图2为本发明实施例1制得的氧化石墨烯@CeO
2/碳纳米片的XRD图;从图2可以得到CeO
2已经成功的负载到了氧化石墨烯上,出现了CeO
2的峰。
上面结合附图对本发明实施例作了详细说明,但是本发明不限于上述实施例,在所属技术领域普通技术人员所具备的知识范围内,还可以在不脱离本发明宗旨的前提下作出各种变化。此外,在不冲突的情况下,本发明的实施例及实施例中的特征可以相互组合。
Claims (10)
- 一种钠离子电池负极材料,其特征在于,所述钠离子电池负极材料为氧化石墨烯@CeO 2/碳纳米片。
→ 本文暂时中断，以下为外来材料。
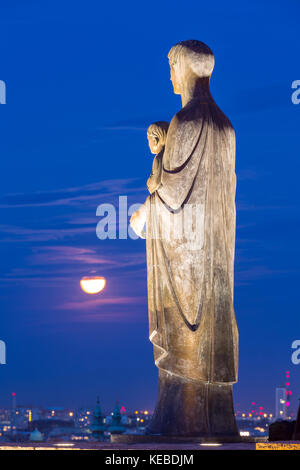 Nahaufnahme der Jungfrau Maria Statue mit Vollmond an der Budaer Burg Wand im Burgviertel von Budapest, Ungarn Stockfoto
- 权利要求1所述的钠离子电池负极材料的制备方法,其特征在于,包括以下步骤:将碳纳米片和溶剂混合,再加入粘结剂、CeO 2搅拌反应,水浴反应,固液分离,取固相,得到碳纳米片/CeO 2复合材料;将所述碳纳米片/CeO 2复合材料加入氧化石墨烯溶液中搅拌,固液分离,取固相煅烧,得到所述钠离子电池负极材料。
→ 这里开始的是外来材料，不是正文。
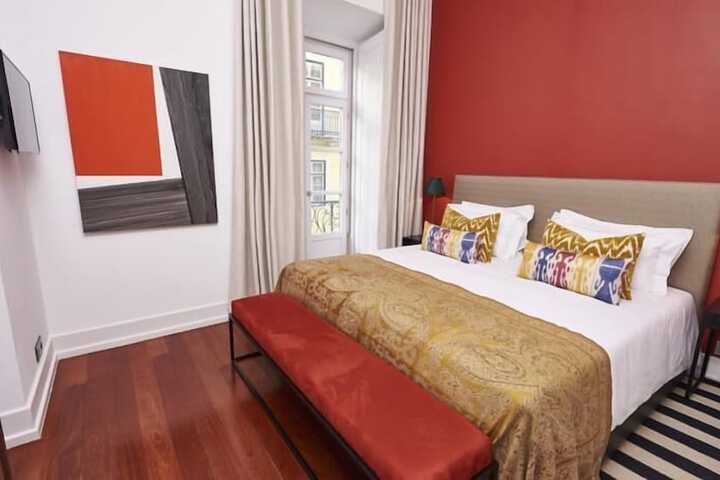 Room 7 of 36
- 根据权利要求2所述的制备方法,其特征在于,所述碳纳米片的制备过程为:将碳源进行煅烧,冷却,再将所述碳源搅拌分散在有机酸溶液中,固液分离,取固相洗涤至中性,干燥,得到碳纳米片。
- 根据权利要求3所述的制备方法,其特征在于,所述煅烧分为两次煅烧,第一次煅烧的温度为100~200℃,第一次煅烧的时间为1~2h,第一次煅烧的气氛为空气气氛;第二次煅烧的温度为500~700℃,第二次煅烧的时间为4~6h,第二次煅烧的气氛为Ar。
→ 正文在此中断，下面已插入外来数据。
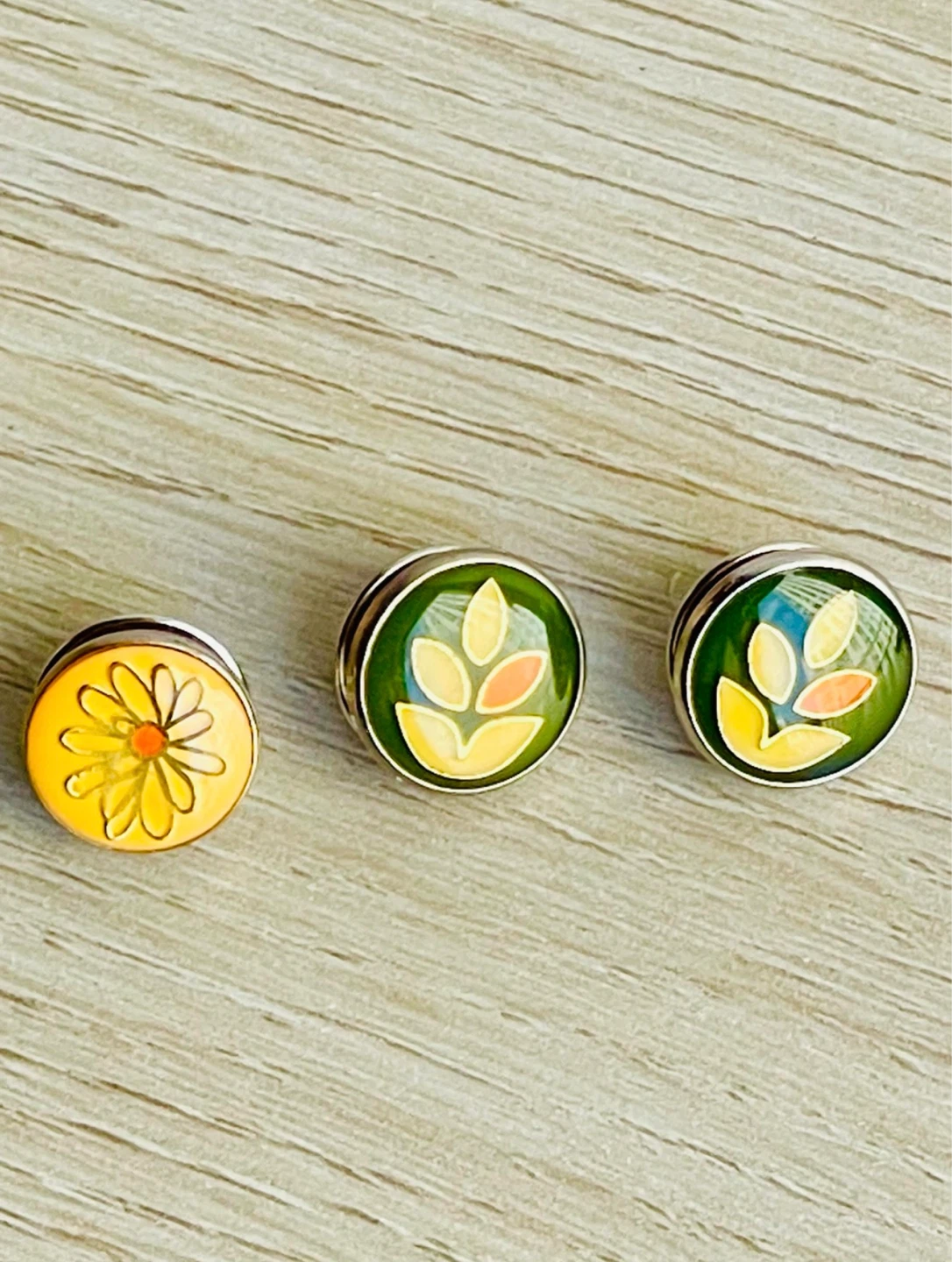 Set of 3 Vintage pins - Flower & Leaf Designs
- 根据权利要求3所述的制备方法,其特征在于,所述碳源为柠檬酸和苹果酸中的至少一种。
- 根据权利要求3所述的制备方法,其特征在于,所述有机酸为醋酸、柠檬酸、草酸和苹果酸中的至少一种。
- 根据权利要求2所述的制备方法,其特征在于,所述CeO 2的制备过程为:向氯化铈溶液中加入碳酸氢铵溶液,反应,溶液pH达7时停止加入碳酸氢铵,搅拌,过滤,醇洗沉淀至中性,干燥,焙烧,再通过X射线照射,制得CeO 2。
- 根据权利要求2所述的制备方法,其特征在于,所述粘结剂为葡萄糖。
- 根据权利要求2所述的制备方法,其特征在于,所述碳纳米片和CeO 2的质量比为(5~10):1;所述氧化石墨烯和碳纳米片/CeO 2的质量比为1:(2~5)。
- 一种电池,其特征在于,包括权利要求1所述的钠离子电池负极材料。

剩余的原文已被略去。